Mask R‐CNN - iffatAGheyas/computer-vision-handbook GitHub Wiki

🧠 Semantic & Instance Segmentation with Mask R-CNN

Mask R-CNN extends Faster R-CNN by adding pixel-level segmentation, so it can perform both:

Task	What It Does
📌 Semantic Segmentation	Labels each pixel with a class name
👥 Instance Segmentation	Distinguishes individual object instances

🧩 How Mask R-CNN Works

Backbone CNN (e.g. ResNet + FPN) extracts multi-scale features.
Region Proposal Network (RPN) suggests candidate object regions.
Per-Region Heads
- Classification: predicts object class
- Bounding-Box Regression: refines box coordinates
- Mask Prediction: outputs a pixel-wise mask for each instance

✅ Outputs bounding boxes, class labels and pixel masks for every detected object.

🔑 Why Use Mask R-CNN?

Feature	Benefit
🔍 Instance-aware	Separates individual objects of the same class
🌈 Semantic-level	Labels every pixel, not just bounding boxes
✨ High accuracy	Built on top of Faster R-CNN for precise localization
🐍 PyTorch Built-In	Available via `torchvision.models`

🛠️ Implementation: Mask R-CNN in PyTorch

We use PyTorch’s built-in maskrcnn_resnet50_fpn, pretrained on the COCO dataset (91 classes).

✅ Required Packages

pip install torch torchvision matplotlib opencv-python

🐍 Full Code Example

# Make sure you have these installed:
# pip install torch torchvision matplotlib opencv-python

import os
import torch
from torchvision import models, transforms
import cv2
import numpy as np
import matplotlib.pyplot as plt

# COCO category names (0 is background)
COCO_CLASSES = [
    '__background__', 'person', 'bicycle', 'car', 'motorcycle', 'airplane',
    'bus', 'train', 'truck', 'boat', 'traffic light', 'fire hydrant',
    'stop sign', 'parking meter', 'bench', 'bird', 'cat', 'dog', 'horse',
    'sheep', 'cow', 'elephant', 'bear', 'zebra', 'giraffe', 'backpack',
    'umbrella', 'handbag', 'tie', 'suitcase', 'frisbee', 'skis',
    'snowboard', 'sports ball', 'kite', 'baseball bat', 'baseball glove',
    'skateboard', 'surfboard', 'tennis racket', 'bottle', 'wine glass',
    'cup', 'fork', 'knife', 'spoon', 'bowl', 'banana', 'apple', 'sandwich',
    'orange', 'broccoli', 'carrot', 'hot dog', 'pizza', 'donut', 'cake',
    'chair', 'couch', 'potted plant', 'bed', 'dining table', 'toilet',
    'tv', 'laptop', 'mouse', 'remote', 'keyboard', 'cell phone', 'microwave',
    'oven', 'toaster', 'sink', 'refrigerator', 'book', 'clock', 'vase',
    'scissors', 'teddy bear', 'hair dryer', 'toothbrush'
]

# 1) Load the pretrained Mask R-CNN
model = models.detection.maskrcnn_resnet50_fpn(pretrained=True)
model.eval()

# 2) Path to your image
IMAGE_PATH = "image2.jpg"  # ← replace with your filename
if not os.path.isfile(IMAGE_PATH):
    raise FileNotFoundError(f"Cannot find {IMAGE_PATH}")
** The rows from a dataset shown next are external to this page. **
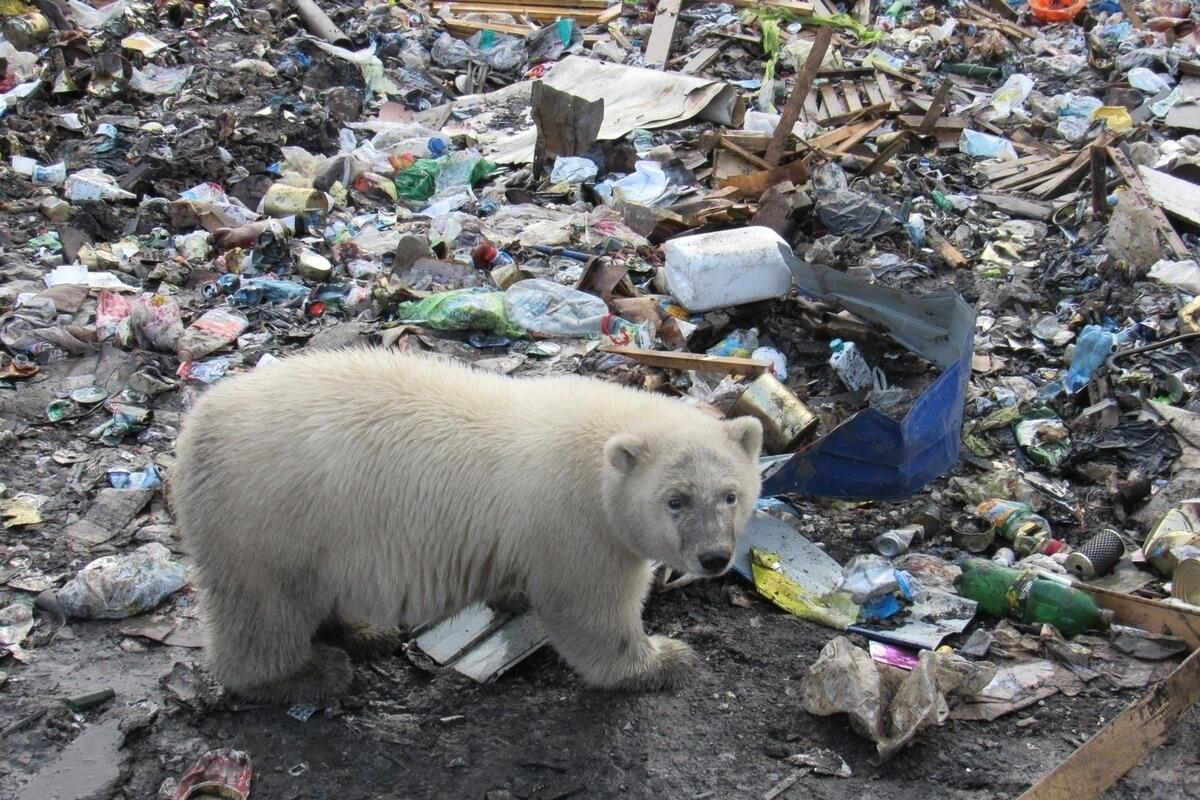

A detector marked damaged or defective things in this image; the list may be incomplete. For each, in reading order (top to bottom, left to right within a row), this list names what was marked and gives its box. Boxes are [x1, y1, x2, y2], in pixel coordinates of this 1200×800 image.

broken wooden board [643, 0, 681, 68]
splintered wood beam [768, 26, 835, 165]
broken wooden board [1137, 160, 1200, 226]
broken wooden board [597, 345, 772, 376]
broken wooden board [1017, 647, 1200, 800]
# 3) Read & prep the image
img_bgr = cv2.imread(IMAGE_PATH)
img_rgb = cv2.cvtColor(img_bgr, cv2.COLOR_BGR2RGB)
transform = transforms.Compose([transforms.ToTensor()])
input_tensor = transform(img_rgb).unsqueeze(0)

# 4) Run inference
with torch.no_grad():
    outputs = model(input_tensor)[0]

# 5) Filter predictions by score threshold
threshold = 0.5
boxes  = outputs['boxes'].cpu().numpy()
labels = outputs['labels'].cpu().numpy()
scores = outputs['scores'].cpu().numpy()
masks  = outputs['masks'].cpu().numpy()[:, 0]  # [N, H, W]
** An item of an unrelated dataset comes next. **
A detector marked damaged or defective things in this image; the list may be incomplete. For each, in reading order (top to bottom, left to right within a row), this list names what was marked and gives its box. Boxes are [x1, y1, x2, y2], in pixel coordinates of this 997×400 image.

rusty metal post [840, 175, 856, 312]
keep = scores >= threshold
boxes  = boxes[keep]
labels = labels[keep]
scores = scores[keep]
masks  = masks[keep]

# 6) Overlay masks, boxes & labels (with larger font)
overlay = img_rgb.copy()
for box, lbl, score, mask in zip(boxes, labels, scores, masks):
    x1, y1, x2, y2 = box.astype(int)

    # safe lookup of class name
    if 0 <= lbl < len(COCO_CLASSES):
        cls_name = COCO_CLASSES[lbl]
    else:
        cls_name = f"ID {lbl}"

    colour = tuple(int(c) for c in np.random.randint(0, 256, size=3))

    # draw mask
    mask_bin = (mask >= 0.5)
    coloured_mask = np.zeros_like(overlay, dtype=np.uint8)
    coloured_mask[mask_bin] = colour
    overlay = cv2.addWeighted(overlay, 0.7, coloured_mask, 0.3, 0)

    # draw box
    w, h = x2 - x1, y2 - y1
    rect = (x1, y1, w, h)
    cv2.rectangle(overlay, rect, colour, 3)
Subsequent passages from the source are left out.